2. Theoretical Basis

The task of studying the effectiveness of a UAV control system is formulated as follows:

• There are a number of functional (target) tasks that this system must solve, for example, cargo delivery, monitoring of important infrastructure facilities, environmental monitoring, agriculture, etc.;
• Requirements for their achievement are set, for example, in the form of a condition that the probability of solving the target problem should not be less than a given value;
• For each of these tasks, there is a specific set of UAVs designed to solve it and having known characteristics, including reliability;
• It is necessary to determine one or more UAV types that best meet the specified requirements for solving a specific target task.

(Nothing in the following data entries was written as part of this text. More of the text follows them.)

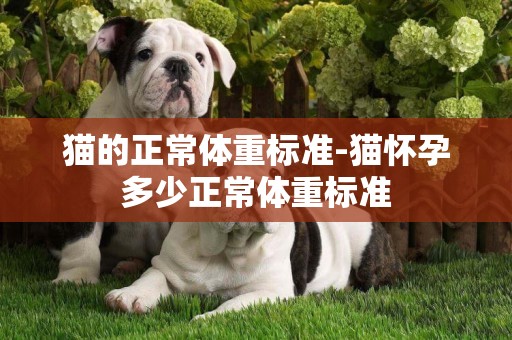 貓的正常體重標準-貓懷孕多少正常體重標準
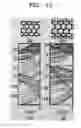 Fig. 11 - Semiconductor carbon nanotubes fabricated by hydrogen functionalization and method for fabricating the same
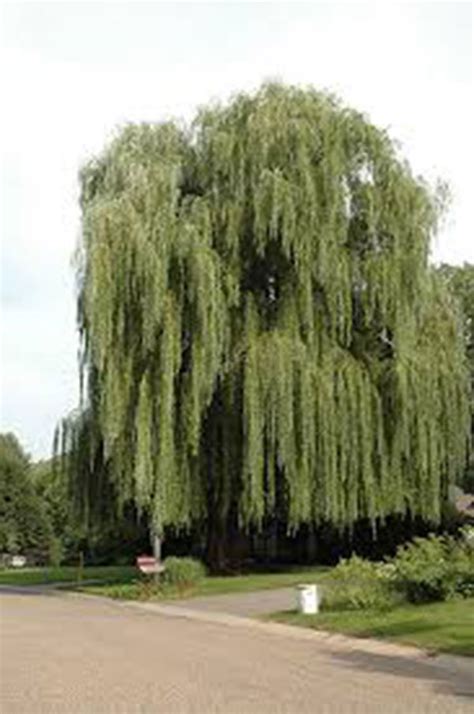 A popular golden weeping willow, salix alba 'tristis' is a large deciduous tree boasting a stout trunk topped by a graceful open crown of pendulous, brilliant yellow white willow 'tristis', golden weeping willow, salix alba 'vitellina pendula', salix alba 'vitellina tristis', salix vitellina 'pendula', salix alba. Salix Alba Tristis / Saule pleureur | Pépinière Dominique ...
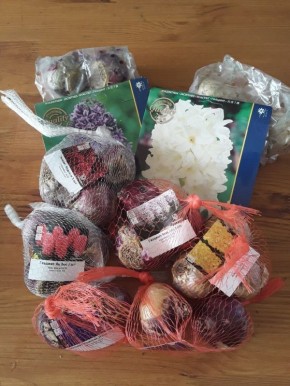 �������� � ����: ��� �������� ������� ������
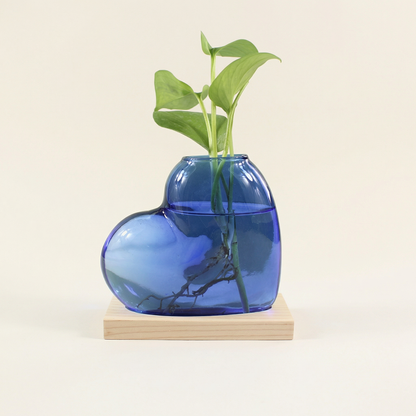 Vases en verre forme cœur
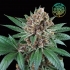 Semillas cultivo cannabis ICED PEACH (Perfect Tree)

To solve this problem, there is the following approach. In the first stage, only one UAV is considered and its particular efficiency criterion is determined. Such an efficiency criterion should meet the following basic requirements [18,19]:

• To characterize the object as a whole;
• To provide the possibility of obtaining its quantitative assessment with the required reliability;
• To have clearly defined boundaries of the area of its change.

With regard to a UAV, the most informative particular criterion is its reliability, which is numerically characterized by the probability of failure-free operation [20,21].

The second stage involves the division of the process of solving the target task that the UAV must perform into certain stages. For example, if the target task is the delivery of goods, then such stages are takeoff, finding a given route to the recipient of the cargo, landing at the place of unloading, unloading itself, taking off, reaching a given route and landing at a given place. Each of these stages is controlled by the control system; however, all of them are subject to the influence of destabilizing environmental factors (wind, rain, birds, electromagnetic effects, artificial and natural obstacles, etc.). The influence of these factors leads to the fact that, at a certain stage, UAVs may fail as a result of their influence and the target task will not be fulfilled, i.e., there is a non-zero probability of system failure at a certain stage. Therefore, the probability of solving the target problem is a multiplicative convolution of the probabilities of successful completion of all stages of UAV flight.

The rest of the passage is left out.